Neural Module Network for Text: New Module Design & More Supervision

  • N. Gupta, K. Lin, D. Roth, S. Singh, and M. Gardner, “Neural Module Networks for Reasoning over Text,” Dec. 2019, Accessed: Jan. 16, 2022. [Online]. Available:


Answering compositional questions that require multiple steps of reasoning against text is chanllenging, especially when they involve discrete, symbolic operarions.

Neural Module Networks learn to parse such question as executable programs composed of learnable modules, performing well on stnthetic visual QA domains.However, it is found to be chanllenging to learn these models for non-synthetic questions on open-domain text.
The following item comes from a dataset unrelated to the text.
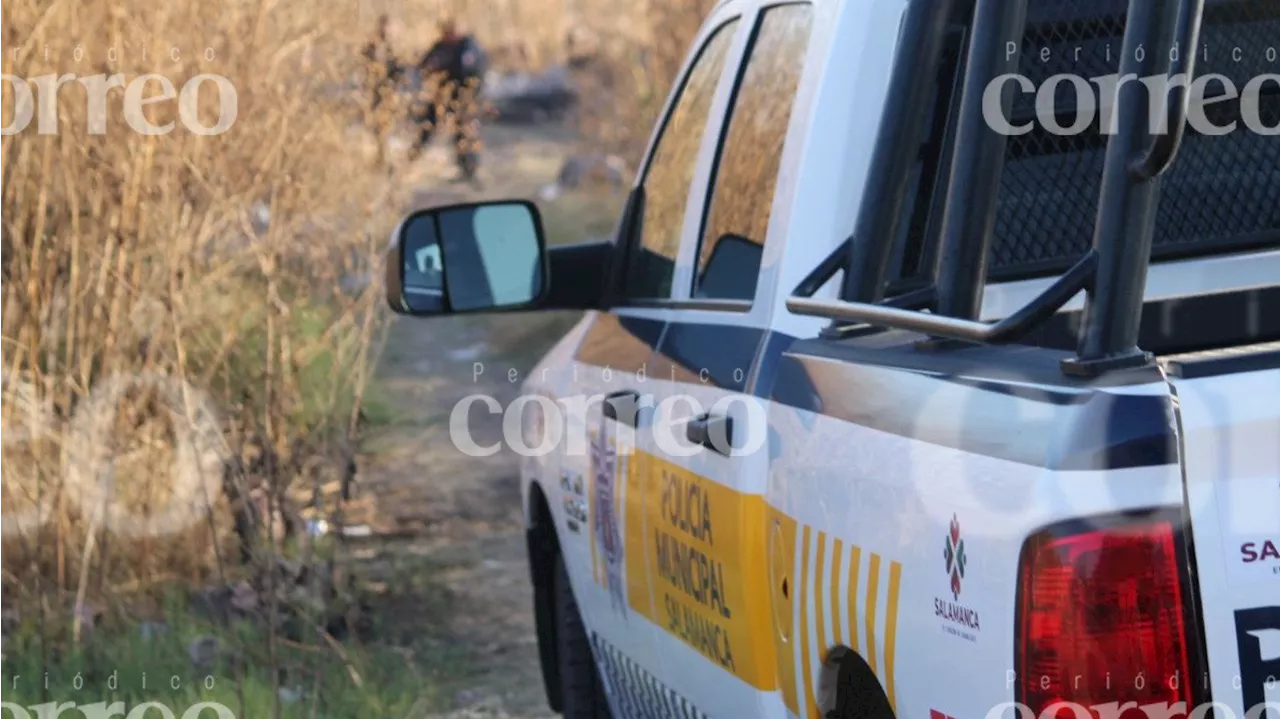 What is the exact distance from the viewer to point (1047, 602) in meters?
2.36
This paper extends NMNs by:

  1. introducing modules to reason over a paragraph of text, performing symbolic reasoning
  2. proposing an unsupervised auxiliaryloss to help extract arguments associate with the events in text


Figure 1: Model Overview

Figure 1: Model Overview


Figure 2: Description of Modules

Figure 2: Description of Modules

Meaning of Terms:

  • Question (Q) and Paragraph (P) attentions: soft subsets of relevant tokens in the text.
  • Number (N) and Date (D): soft subset of unique numbers and dates from the passage.
  • Count Number (C): count value as a distribution over the supported count values (0-9)
  • Time Delta (TD): a value amongst all possible unique differences between dates in the paragraph. In this work, we consider differences in terms of years.
  • Span (S): span-type answers as two probability values (start/end) for each paragraph token.

Auxiliary Supervision

Training all the modules, parsers in an end-to-end fashion is extermely hard. Auxiliary supervision in the middle is made to mitigate the issue.
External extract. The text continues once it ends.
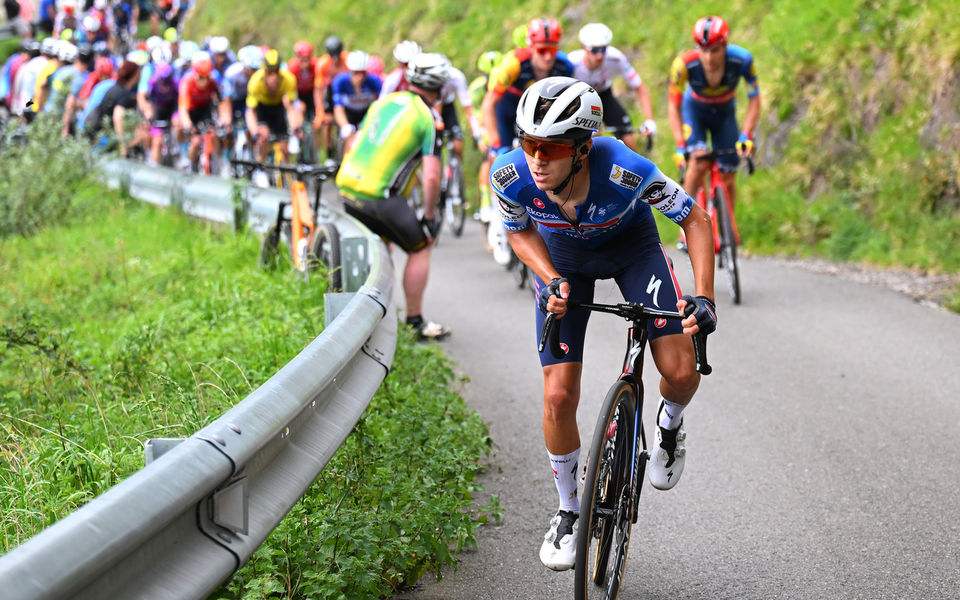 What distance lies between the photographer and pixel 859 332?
8789 mm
  • Unsupervised Auxiliary Loss


  • Question Parse Supervision

    “In order to bootstrap the parser, we analyze some questions manually and come up with a few heuristic patterns to get program and corresponding question attention supervision (for modules that require it) for a subset of the training data.”

  • Intermediate Module Output Supervision

    We provide heuristically-obtained noisy supervision for the output of the find-num and find-date modules for a subset of the questions (5%) for which we also provide question program supervision.